Demand from U.S. clients has softened, but the bigger shock has come from immigration policy. H-1B visas have become prohibitively expensive, with fees reportedly touching $100,000 per employee. Industry leader “Tata Consultancy Services” has said that only about 500 of its employees are travelling on H-1B visas this year — a fraction of past numbers.
AI and the existential test for India’s IT model
For India’s software services industry, 2026 could be a watershed. AI can now perform in minutes tasks that once required large teams working for weeks. This is forcing a rethink not just of delivery models, but of the entire business logic of outsourcing.
TCS has already announced layoffs of around 12,000 employees and is attempting a strategic pivot, including plans for a massive data centre in Visakhapatnam. Consultant “Pareekh Jain” describes the situation as a “double shock”: rapid technological disruption combined with the need to reinvent business models from scratch.
Others are responding in different ways. “Accenture” has committed $1 billion to retraining its workforce, while making it clear that employees who cannot adapt will be left behind.
The jobs question and a generational crossroads
The implications for employment are profound.

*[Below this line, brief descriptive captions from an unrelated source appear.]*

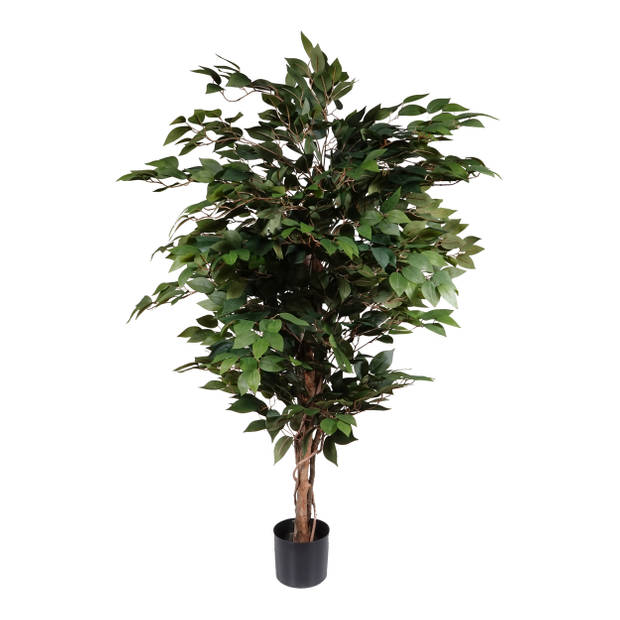 Kopu® Kunstplant Ficus Benjamina 120 cm in zwarte pot - 1260 bladeren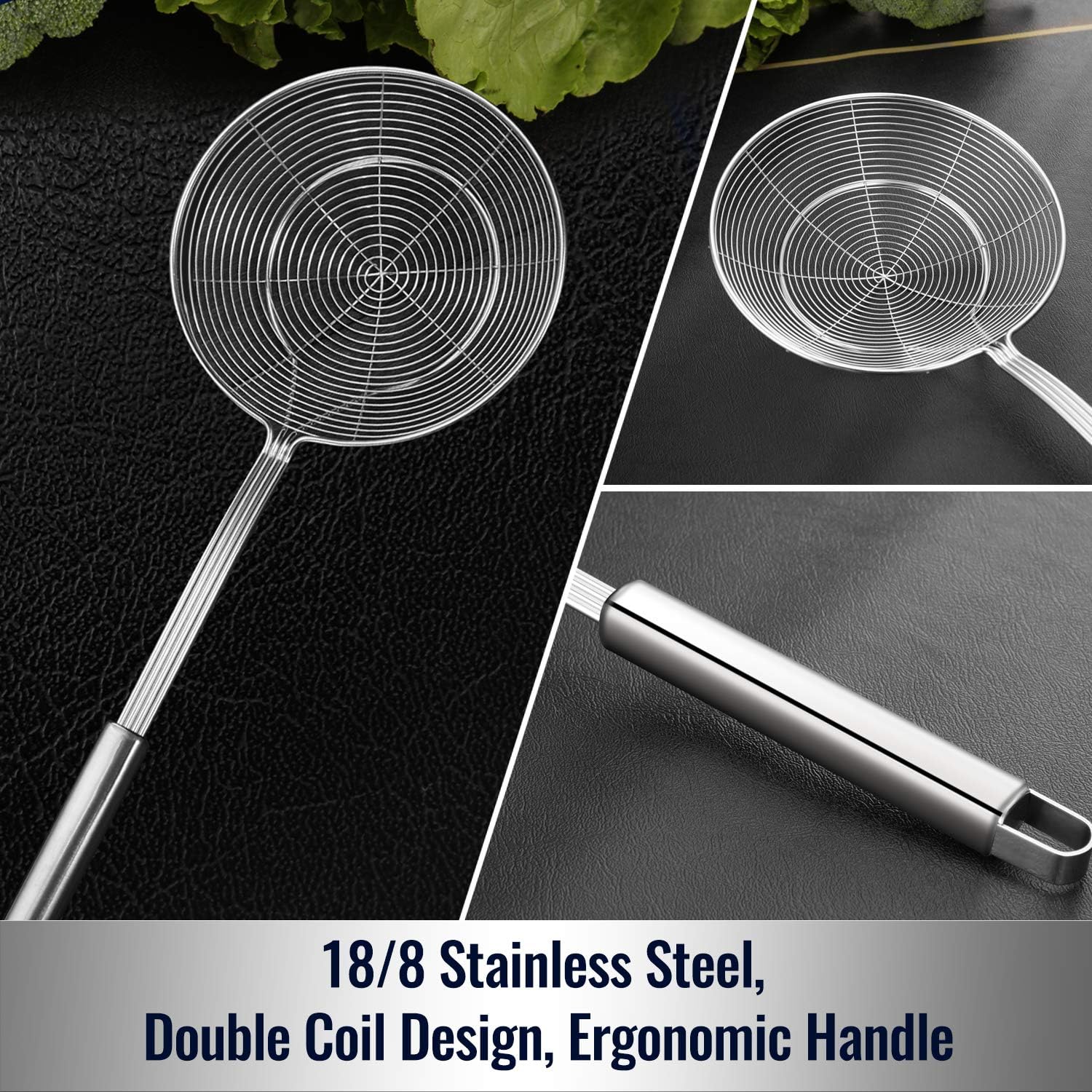 Hiware Solid Stainless Steel Spider Strainer Skimmer Ladle for Cooking and Frying, Kitchen Utensils Wire Strainer Pasta Spoon, 5.4 Inch - Image 3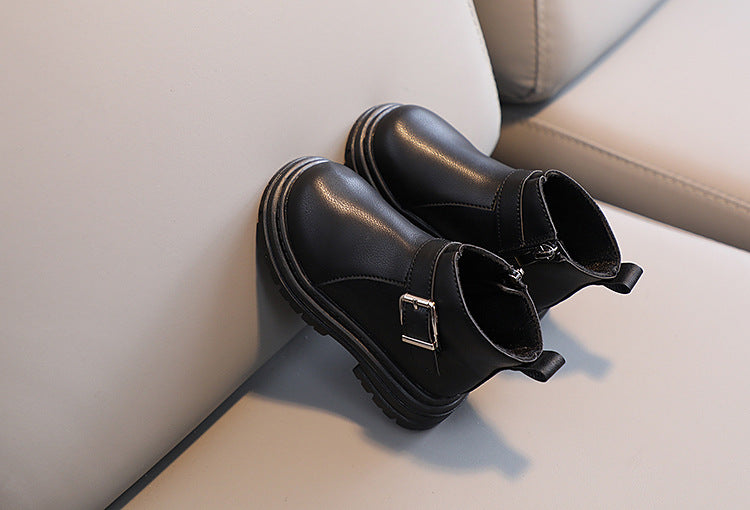 The Petite Cavalier | Premium Kids Leather Ankle Boot with Artisan Buckle Accent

The IT services sector has been India’s single largest absorber of graduate talent. In 2022–23 alone, “Infosys” hired 50,000 recruits; across the industry, hiring touched nearly 290,000, with total employment at 5.4 million.

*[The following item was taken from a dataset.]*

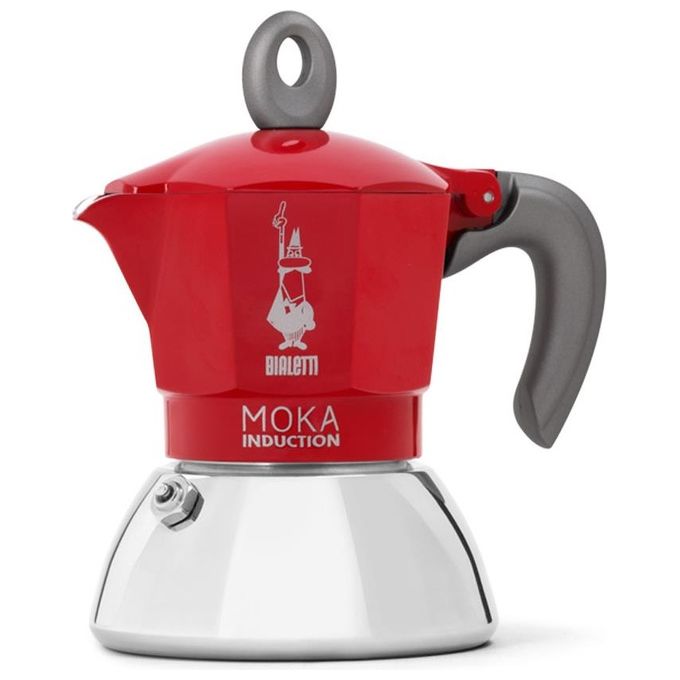 Moka Bialetti Induction, 2 Tazze, Adatta a tutti i piani cottura, 100 ml, Acciaio, Rosso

That era may be ending. As Jain warns, bulk hiring of fresh graduates is likely to shrink sharply. While global capability centres may continue to hire selectively, traditional IT services will not. Graduates may increasingly be forced to look toward manufacturing, construction, government jobs, start-ups or entrepreneurship.

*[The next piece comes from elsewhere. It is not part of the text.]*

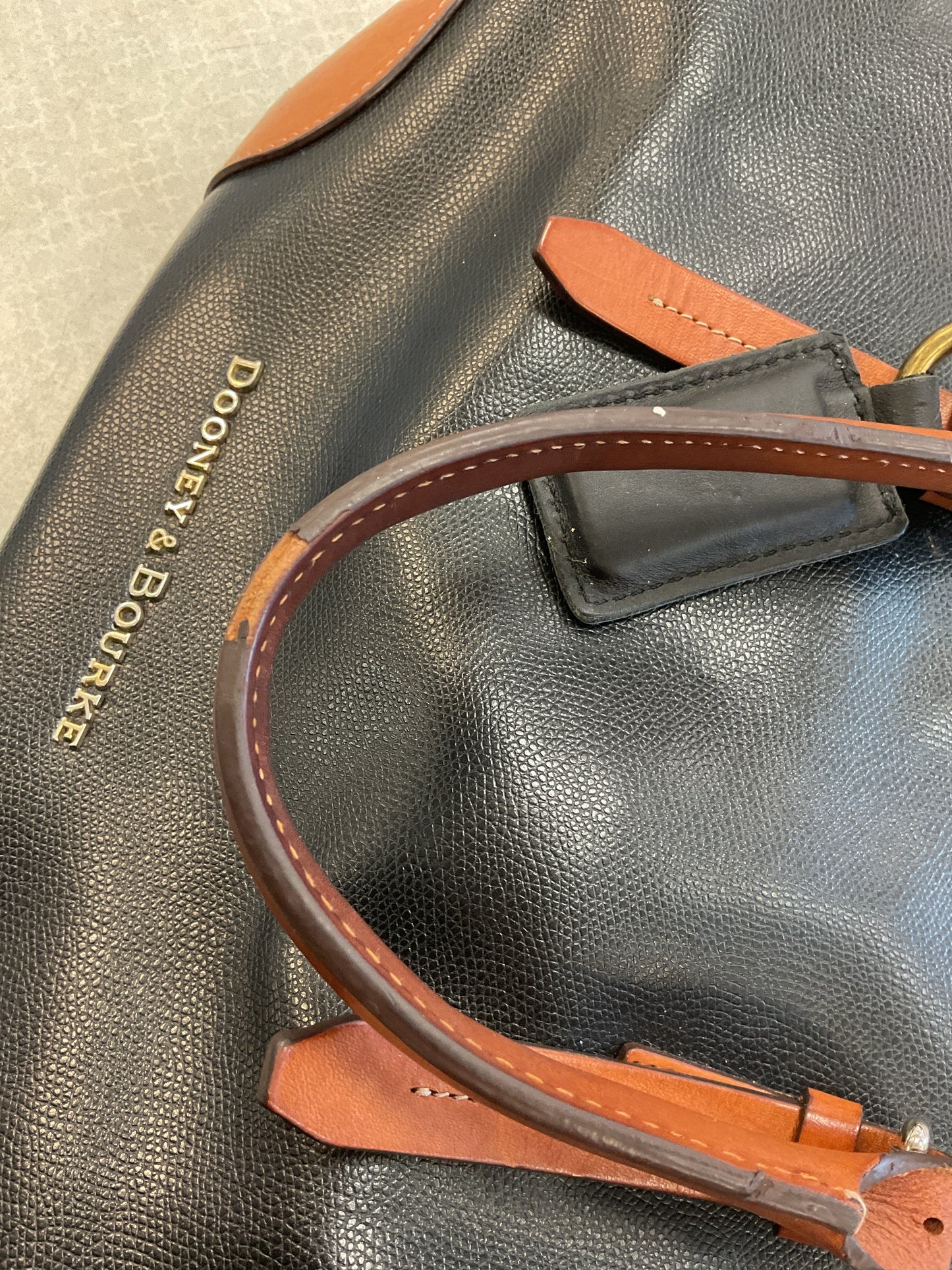 Handbag Designer By Dooney And Bourke In Black & Brown, Size:Medium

Glimmers of resilience amid uncertainty
There are, however, signs of resilience. India’s start-up ecosystem continues to scale. In 2025, 18 Indian start-ups went public, and the sector raised around $11 billion in funding. These ventures may not yet match IT services in employment generation, but they offer alternative pathways for a younger, more entrepreneurial workforce.
A moment that could define a generation
As India heads into 2026, it finds itself suspended between extraordinary technological promise and acute geopolitical and economic stress. Visionaries like Baiju Bhatt embody the former — a belief that bold innovation can redefine energy, productivity and growth. But the latter — protectionism, automation-driven job losses, and geopolitical churn — will determine how widely those gains are shared.
Whether this moment becomes a springboard into a new future or a reckoning that reshapes a generation’s aspirations will depend not just on technology, but on the policy choices and adaptations India makes in the years immediately ahead.